▶ **EXERCISE**
Reproduce the lines below verbatim. Pictures are to be omitted.

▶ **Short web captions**
****************************************

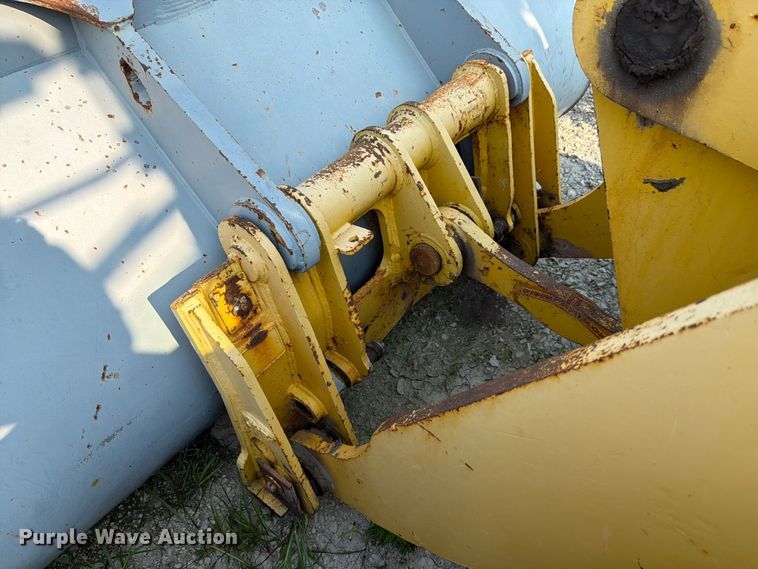 image for item FK4112 2005 Komatsu WA250-5 wheel loader
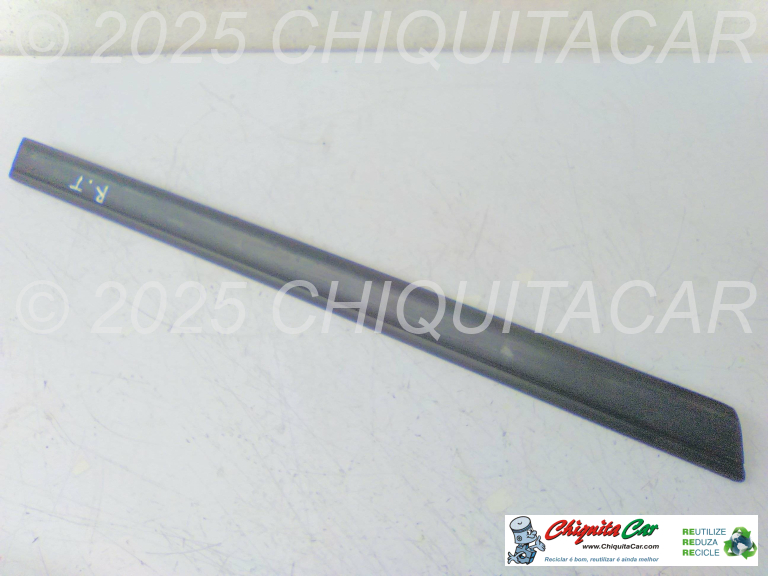 FRISO ESTR PORTA TRAS DTO CENTRO MERCEDES 124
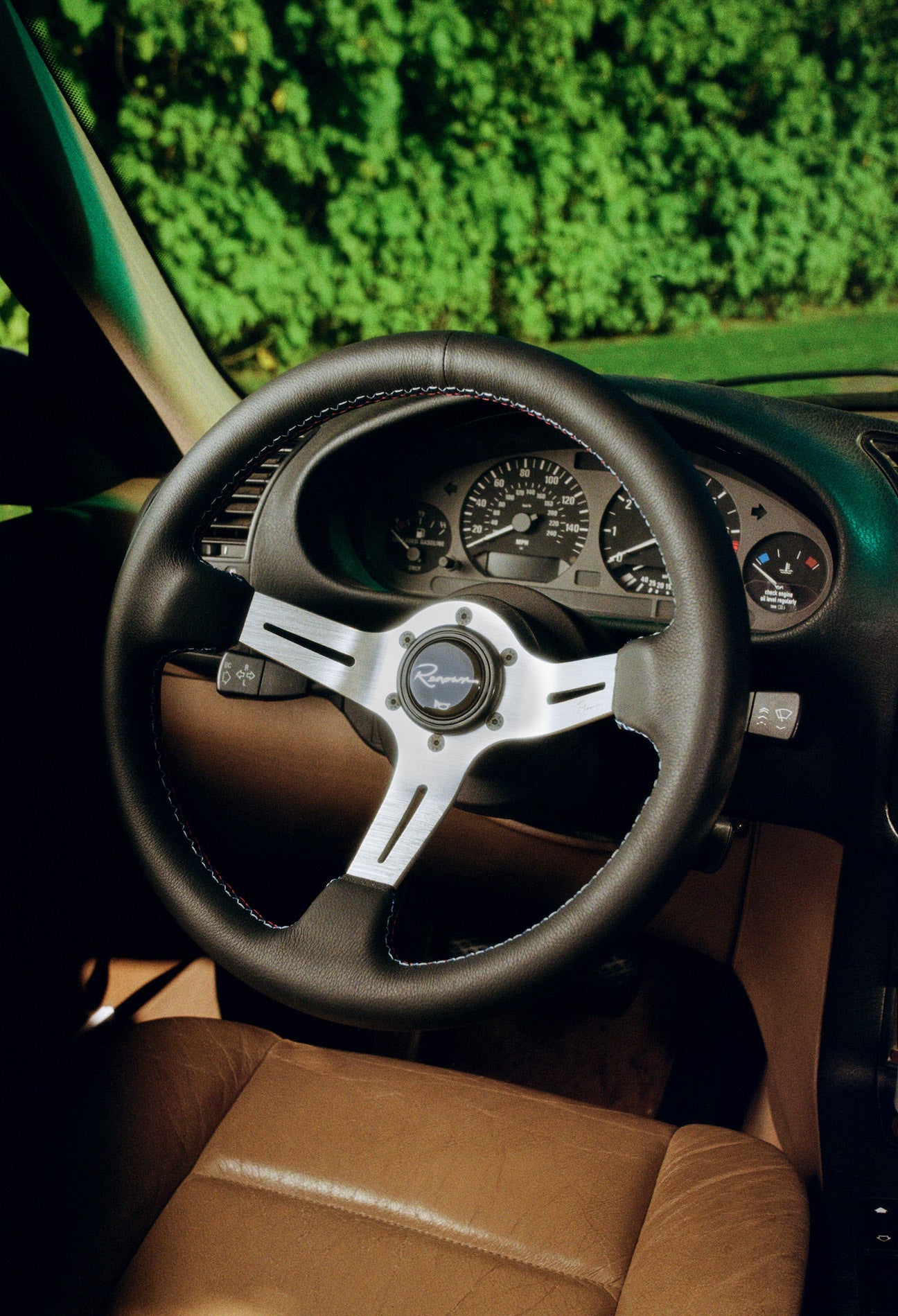 Renown Chicane Silver Motorsport Steering Wheel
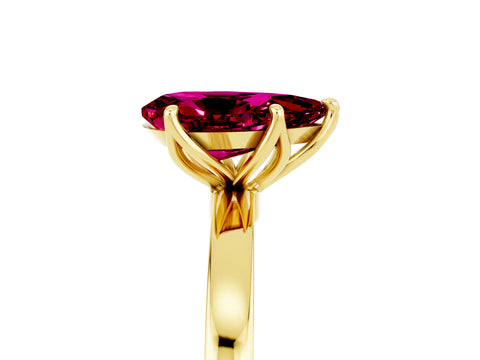 Yellow gold Pear Cut Solitaire Diamond Ring with Thin Band and Four-Prong Setting_5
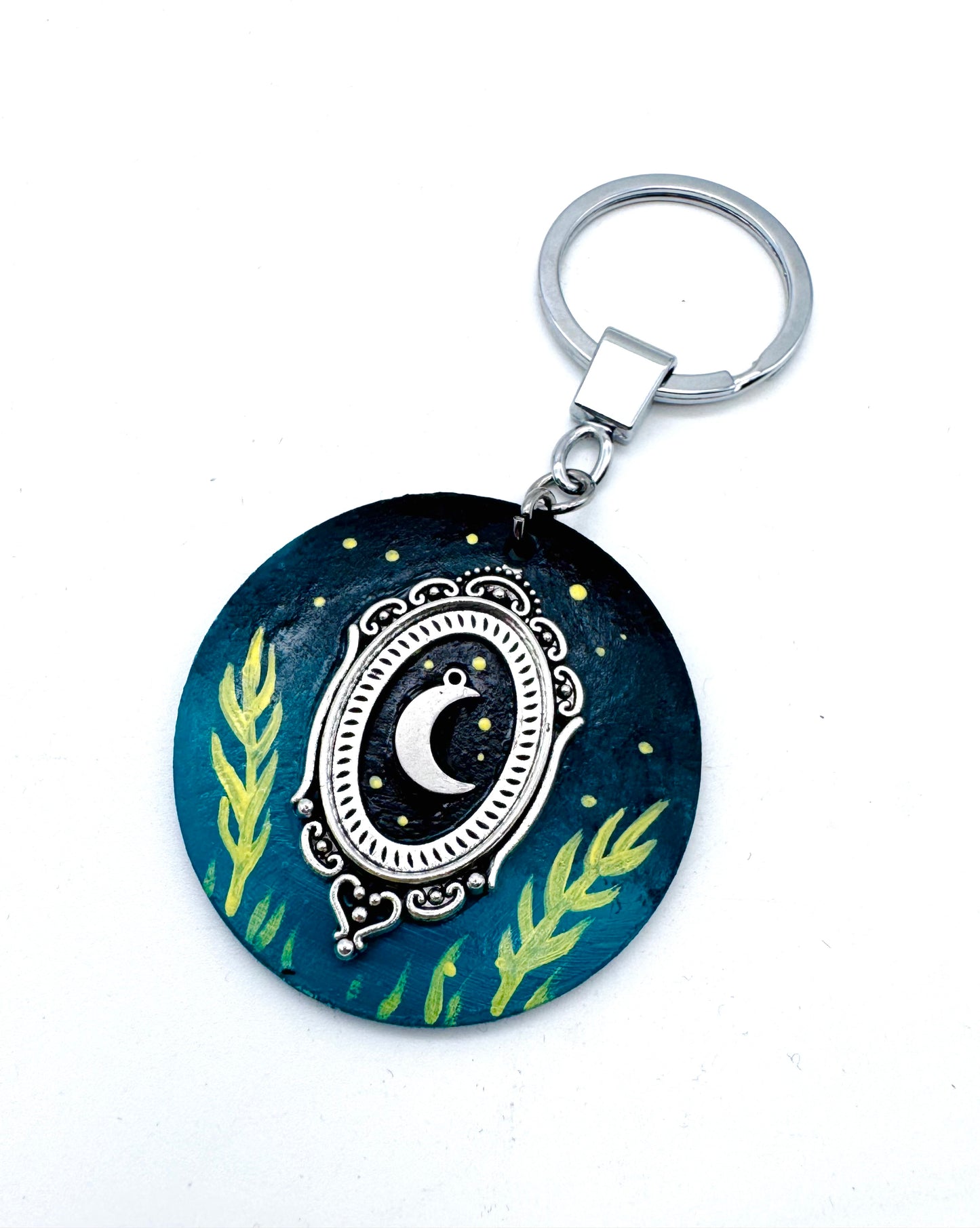 Round wooden keychain (larger size) / Kerek fa kulcstartó (nagyobb méret)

****************************************

▶ **THE COMPLETED TASK**
 image for item FK4112 2005 Komatsu WA250-5 wheel loader
 FRISO ESTR PORTA TRAS DTO CENTRO MERCEDES 124
 Renown Chicane Silver Motorsport Steering Wheel
 Yellow gold Pear Cut Solitaire Diamond Ring with Thin Band and Four-Prong Setting_5
 Round wooden keychain (larger size) / Kerek fa kulcstartó (nagyobb méret)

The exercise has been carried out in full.